··· Listed entries ···

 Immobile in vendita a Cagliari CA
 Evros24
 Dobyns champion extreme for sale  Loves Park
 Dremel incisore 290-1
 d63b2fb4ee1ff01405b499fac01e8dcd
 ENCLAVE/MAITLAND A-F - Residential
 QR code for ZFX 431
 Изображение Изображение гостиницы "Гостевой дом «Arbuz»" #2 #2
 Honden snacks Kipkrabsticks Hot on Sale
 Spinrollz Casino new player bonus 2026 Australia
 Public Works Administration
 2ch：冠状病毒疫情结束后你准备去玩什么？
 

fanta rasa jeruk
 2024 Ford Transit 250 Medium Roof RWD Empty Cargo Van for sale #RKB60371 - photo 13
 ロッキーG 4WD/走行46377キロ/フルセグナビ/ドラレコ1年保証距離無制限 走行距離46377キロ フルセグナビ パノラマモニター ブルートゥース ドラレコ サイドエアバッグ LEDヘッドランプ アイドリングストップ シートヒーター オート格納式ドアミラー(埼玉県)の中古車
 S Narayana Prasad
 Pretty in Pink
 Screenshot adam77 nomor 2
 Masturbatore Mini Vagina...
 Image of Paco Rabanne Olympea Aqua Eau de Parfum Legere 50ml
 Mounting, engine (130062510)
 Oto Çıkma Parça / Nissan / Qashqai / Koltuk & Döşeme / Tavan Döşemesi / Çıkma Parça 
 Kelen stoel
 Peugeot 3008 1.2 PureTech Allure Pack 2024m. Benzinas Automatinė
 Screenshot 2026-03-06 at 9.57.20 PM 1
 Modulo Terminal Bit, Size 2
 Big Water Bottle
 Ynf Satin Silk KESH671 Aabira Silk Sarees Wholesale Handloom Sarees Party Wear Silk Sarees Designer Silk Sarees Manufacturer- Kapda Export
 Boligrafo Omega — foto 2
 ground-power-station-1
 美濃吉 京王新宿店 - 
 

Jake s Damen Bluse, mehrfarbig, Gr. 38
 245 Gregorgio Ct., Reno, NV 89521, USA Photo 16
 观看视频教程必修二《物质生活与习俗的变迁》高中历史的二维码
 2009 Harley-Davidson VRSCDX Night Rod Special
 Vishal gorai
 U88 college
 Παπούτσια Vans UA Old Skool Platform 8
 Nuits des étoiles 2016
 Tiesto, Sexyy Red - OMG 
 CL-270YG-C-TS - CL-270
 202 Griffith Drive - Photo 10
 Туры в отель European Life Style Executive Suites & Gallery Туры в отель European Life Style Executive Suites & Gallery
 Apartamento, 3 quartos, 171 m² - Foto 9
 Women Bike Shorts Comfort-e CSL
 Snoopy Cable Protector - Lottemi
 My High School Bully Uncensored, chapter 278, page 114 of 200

···

Aim of the task:
Give the records again, complete and exact.

The answer:
 Immobile in vendita a Cagliari CA
 Evros24
 Dobyns champion extreme for sale  Loves Park
 Dremel incisore 290-1
 d63b2fb4ee1ff01405b499fac01e8dcd
 ENCLAVE/MAITLAND A-F - Residential
 QR code for ZFX 431
 Изображение Изображение гостиницы "Гостевой дом «Arbuz»" #2 #2
 Honden snacks Kipkrabsticks Hot on Sale
 Spinrollz Casino new player bonus 2026 Australia
 Public Works Administration
 2ch：冠状病毒疫情结束后你准备去玩什么？
 

fanta rasa jeruk
 2024 Ford Transit 250 Medium Roof RWD Empty Cargo Van for sale #RKB60371 - photo 13
 ロッキーG 4WD/走行46377キロ/フルセグナビ/ドラレコ1年保証距離無制限 走行距離46377キロ フルセグナビ パノラマモニター ブルートゥース ドラレコ サイドエアバッグ LEDヘッドランプ アイドリングストップ シートヒーター オート格納式ドアミラー(埼玉県)の中古車
 S Narayana Prasad
 Pretty in Pink
 Screenshot adam77 nomor 2
 Masturbatore Mini Vagina...
 Image of Paco Rabanne Olympea Aqua Eau de Parfum Legere 50ml
 Mounting, engine (130062510)
 Oto Çıkma Parça / Nissan / Qashqai / Koltuk & Döşeme / Tavan Döşemesi / Çıkma Parça 
 Kelen stoel
 Peugeot 3008 1.2 PureTech Allure Pack 2024m. Benzinas Automatinė
 Screenshot 2026-03-06 at 9.57.20 PM 1
 Modulo Terminal Bit, Size 2
 Big Water Bottle
 Ynf Satin Silk KESH671 Aabira Silk Sarees Wholesale Handloom Sarees Party Wear Silk Sarees Designer Silk Sarees Manufacturer- Kapda Export
 Boligrafo Omega — foto 2
 ground-power-station-1
 美濃吉 京王新宿店 - 
 

Jake s Damen Bluse, mehrfarbig, Gr. 38
 245 Gregorgio Ct., Reno, NV 89521, USA Photo 16
 观看视频教程必修二《物质生活与习俗的变迁》高中历史的二维码
 2009 Harley-Davidson VRSCDX Night Rod Special
 Vishal gorai
 U88 college
 Παπούτσια Vans UA Old Skool Platform 8
 Nuits des étoiles 2016
 Tiesto, Sexyy Red - OMG 
 CL-270YG-C-TS - CL-270
 202 Griffith Drive - Photo 10
 Туры в отель European Life Style Executive Suites & Gallery Туры в отель European Life Style Executive Suites & Gallery
 Apartamento, 3 quartos, 171 m² - Foto 9
 Women Bike Shorts Comfort-e CSL
 Snoopy Cable Protector - Lottemi
 My High School Bully Uncensored, chapter 278, page 114 of 200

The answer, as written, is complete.